第677話 集団と清掃
教会に掃除用具一式を荷車で運び込むと、ちょっとした騒ぎになった。
相談して小一時間もしないうちに戻ってくるとは、思わなかったのだろう。
掃除に参加する者には食事を出すと言うと女達の全員が手を上げたし、衣服の洗濯と全身を洗うために石鹸を提供すると伝えれば歓声が上がった。
冒険者ギルドの倉庫を清掃した時の経験にも通じるが、整理整頓のためには、まずゴミを捨てることから始める必要がある。
ゴミを捨てることで空間が生まれ、整理の余地が生まれる。
整理することができれば効率化されて、時間が生まれる。
時間とは余裕であり、行動の自由である。
集団の指示には少しばかり自信もある。
まずは班に分けて・・・などと指示しようと張り切っていたら「ケンジは見えるところに座ってて。代官様なんだから」などと、どこから持ってきたのか床几のような小さな椅子を用意され、無理やり座らせられてしまった。
まあ何かあればフォローすれば良いか、お手並み拝見と見ていると、サラ、キリク、パペリーノの指示は全く危ういところがない。
「じゃあ、最初に班を3つに分けるわよ!食事を準備する班、洗濯場所を準備する班、掃除を実施する班ね!」
サラが全体の指示を出しているのを見ると、少し不思議な感じもする。
だが、考えてみれば工房でも俺が不在時には指示を出しているわけで、自信に満ちた態度には裏付けがある。
「おう、石鹸はこっちだ!列は守れよ」
キリクは全体に睨みを効かせる役目だ。武器を持った大男がギロリと睨みを効かせることで、秩序を乱すような動きをする者や、用意してきた石鹸や小麦を失敬するような真似をする者はいなくなる。
「食事を準備する班は、先に体を洗ってもらいましょう。汚れた状態で食事を準備するのはまずいですからね」
パペリーノは、サラを補佐して段取りの細かい部分を指示しているようだ。サラも指示を出す前に相談しているようで、実に行き届いた指示をする。
もう俺は見ているだけで良さそうだ。
この手の集団に対する指示やリーダーシップは、この世界では大商家や貴族、軍人などの極めて限られた階層だけが備える技能である。
3人での集団指導とはいえ、そうした指示を実行できるようになった彼らは単に代官を補佐する新人官吏という枠には納まりきらない何者かになりつつあるのかもしれない。
女子供たちが動き出せば、男達も座り込んでいるわけにはいかない。
そもそも、彼らが座り込んでいる場所や毛皮も、石鹸混じりの水が撒かれたり、燻蒸するために巻き取られたりで、邪魔だとばかりに追い出されてしまっているのだ。
「あのう・・・俺達にも何か仕事をください」
と言ってくる連中がいたので、遠慮なく仕事をふる。
その仕事とは、ゴミ穴とトイレ掘りである。
暮らしてみればゴミが出る。掃除をしてもゴミが出る。それらを放り込むための大穴が必要である。

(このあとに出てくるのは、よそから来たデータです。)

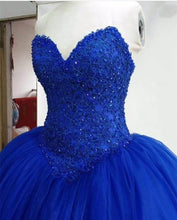 Load image into Gallery viewer, strapless-ballgowns
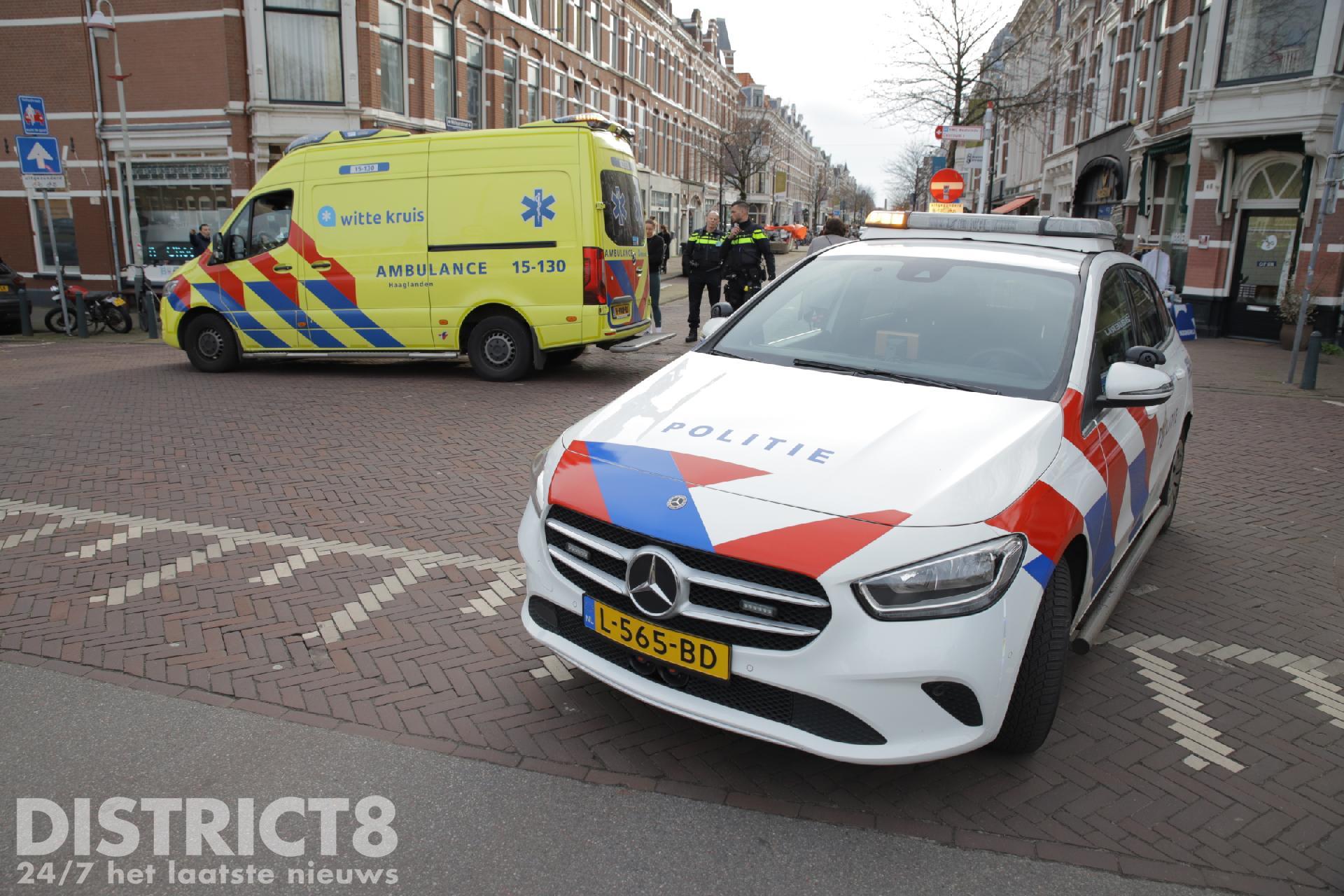 Een man raakt gewond na een mishandeling door een groep jongeren op de Weimarbrug in Den Haag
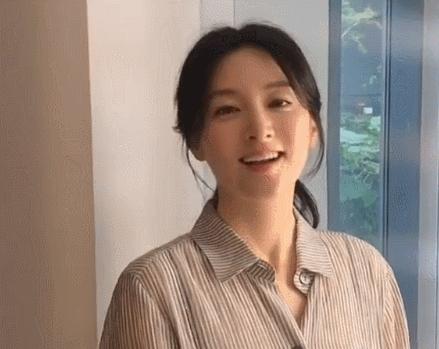 45岁李英爱近照曝光,最漂亮的冻龄女神李英爱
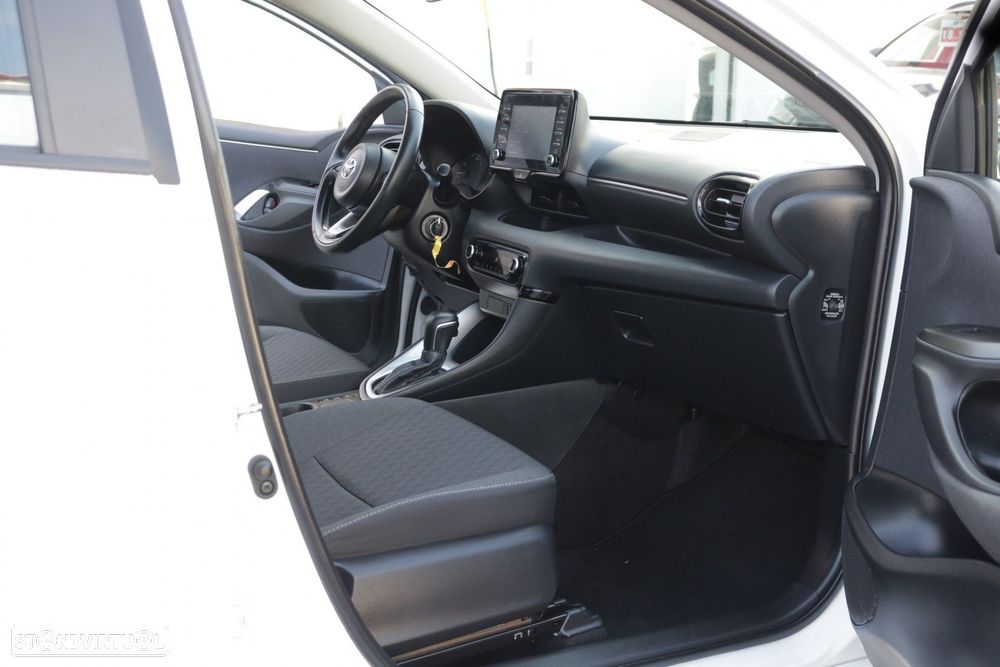 Toyota Yaris 1.5 HDF Comfort Plus - 18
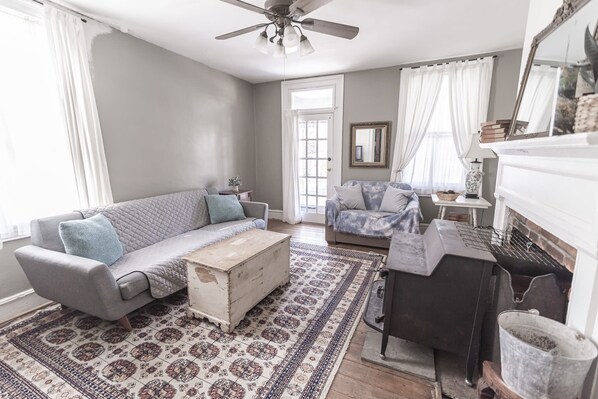 TV, fireplace, DVD player, offices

穴掘りは力仕事であるからして、仕事にあぶれた男達にはうってつけの仕事である。
それとトイレの穴も掘る必要がある。
1回限りだから、と掘った浅い穴でなく、ある程度の期間使用するための深い穴が必要である。
底には灰やおが屑を撒いて、臭気を抑える工夫もする。
女性に配慮して、板で周囲を囲いもする。
作業の概要を聞いて嫌な顔をする者もいたが、女子供が働いているのに自分達だけ何もしないわけにはいかない。
不承不承、といった態度でノロノロと作業を始めた。
集団の力というのは大したもので、一度動き出すと物事がドンドンと進んでいく。
簡易な竈が用意され、豆や小麦が大鍋で煮られ出せば、その匂いを嗅いだ者達の顔が明るくなる。

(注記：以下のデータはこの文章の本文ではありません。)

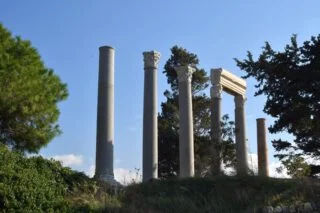 De colonnade van Byblos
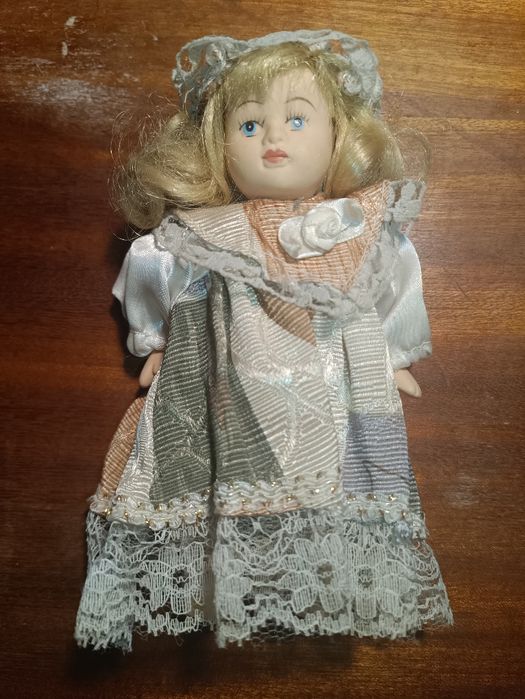 3 bonecas de porcelana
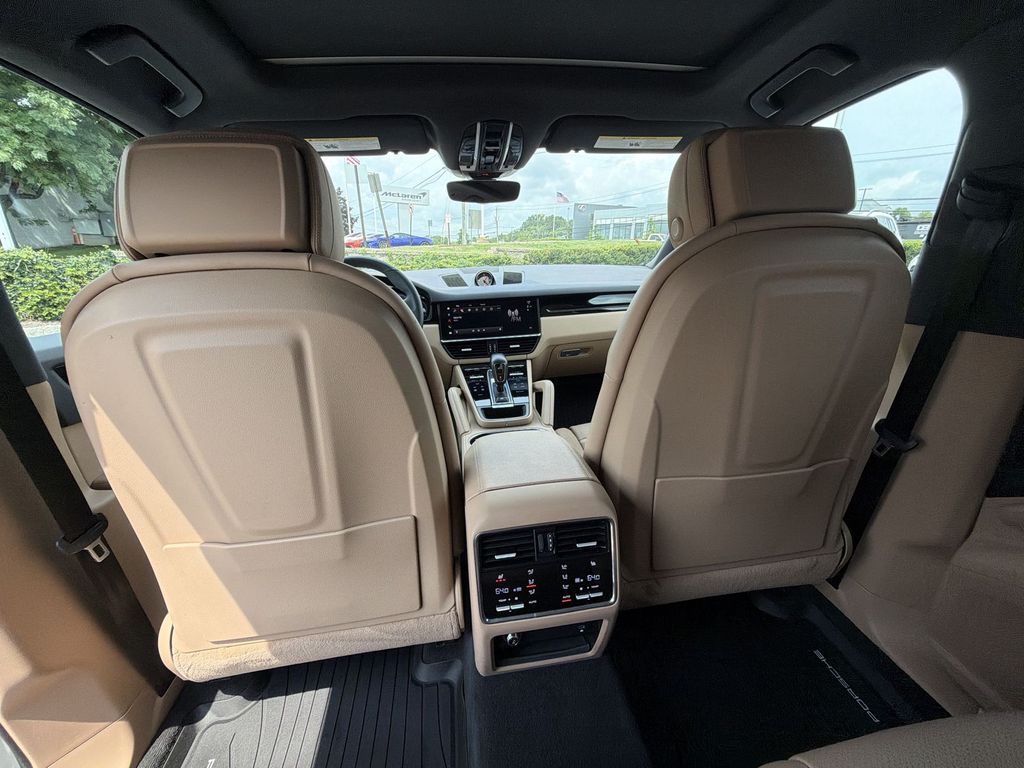Thumbnail: 2023 Porsche Cayenne - 28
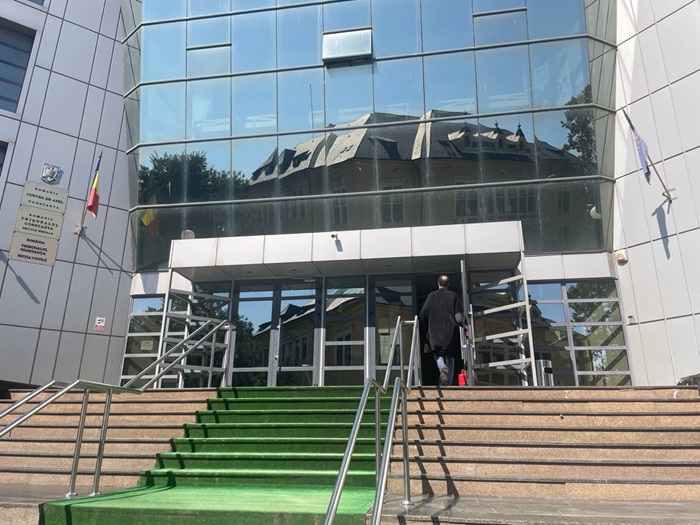 constanta control judiciar prelungit pentru barbatul care s ar fi dat drept seful procurorilor europeni din romania 6a7f5e3477d77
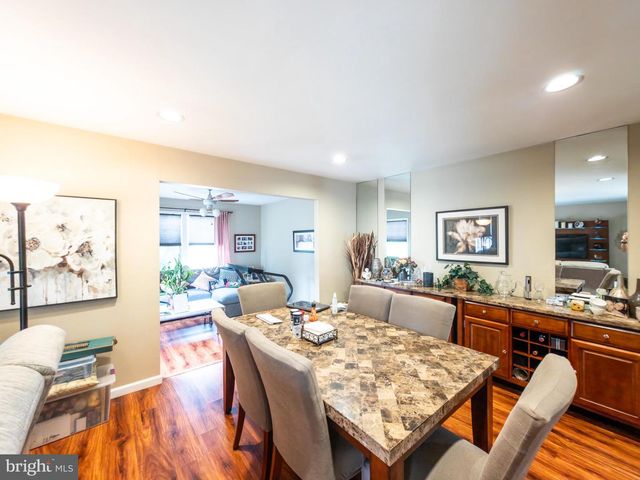 6-B PATRICK HENRY CT, Monroe Township, NJ 08831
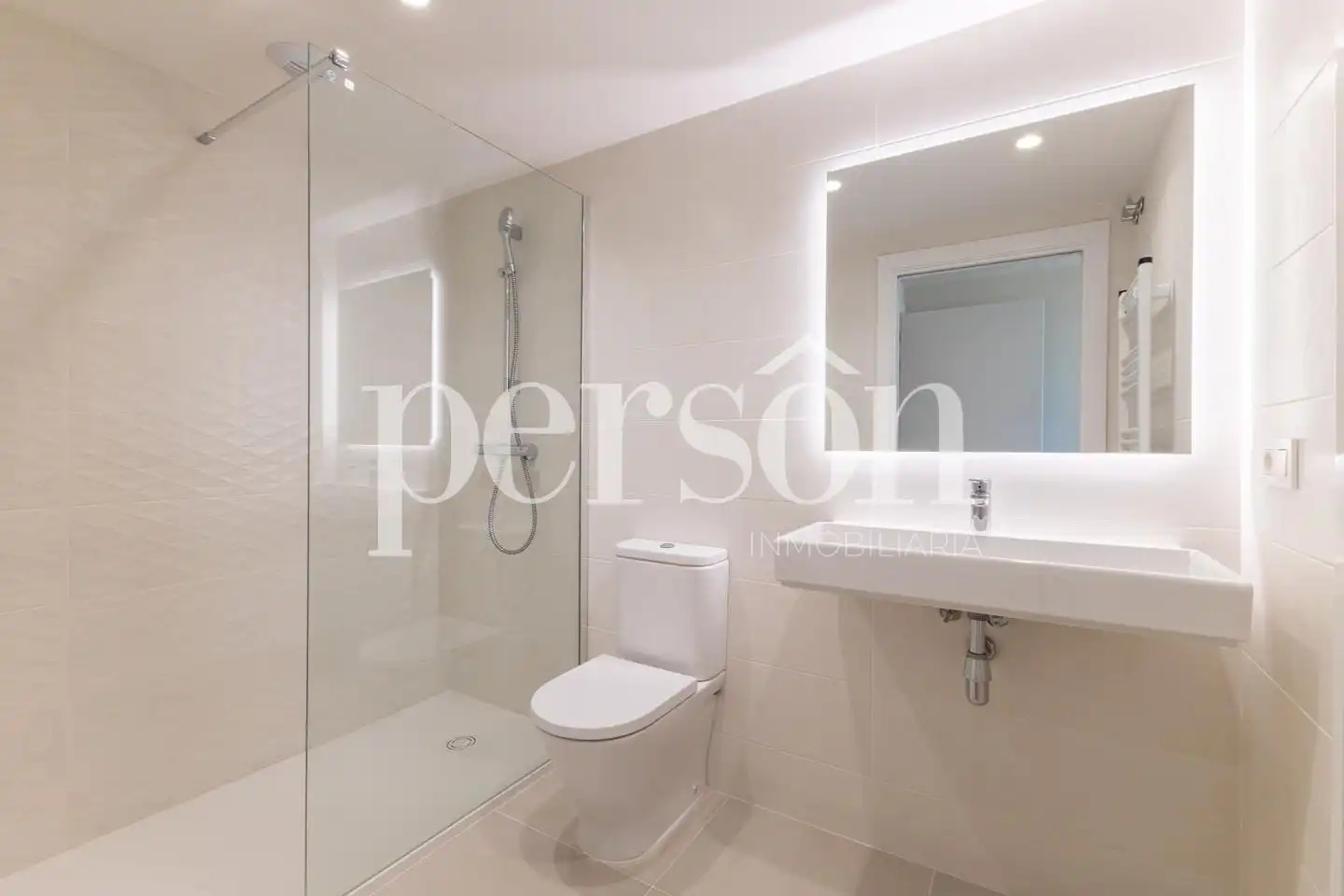 Baño de Piso de alquiler en Valencia con Aire acondicionado, Calefacción y Terraza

毛皮を燻蒸しながら飛び出してきた蚤を、笑いながら払いのける。
石鹸で洗い流した髪や顔を互いに確認し、驚きの声があがる。
人の集団が効率的に動いている様子を見るのは、何とも言えない気持ちよさがある。
そこに笑顔があるのは、もっといい。
「ケンジ、なんだか嬉しそうね」
いつの間にか隣にいたサラに指摘されて、思わず顎をなでる。
いい年したオッサンが笑顔など、あまり見せるものでもない。
「・・・なんとなく工房を思い出すわね。みんな元気にしてるかしら」
サラが少し傾きかけた太陽の方向に顔を向けて、ポツリと零す。
「何かあればすぐに知らせが来る。それにクラウディオやシオンもいる。うまくやってるさ」
多分、サラが求めている答えは違うだろうと思いつつも、そう応えた。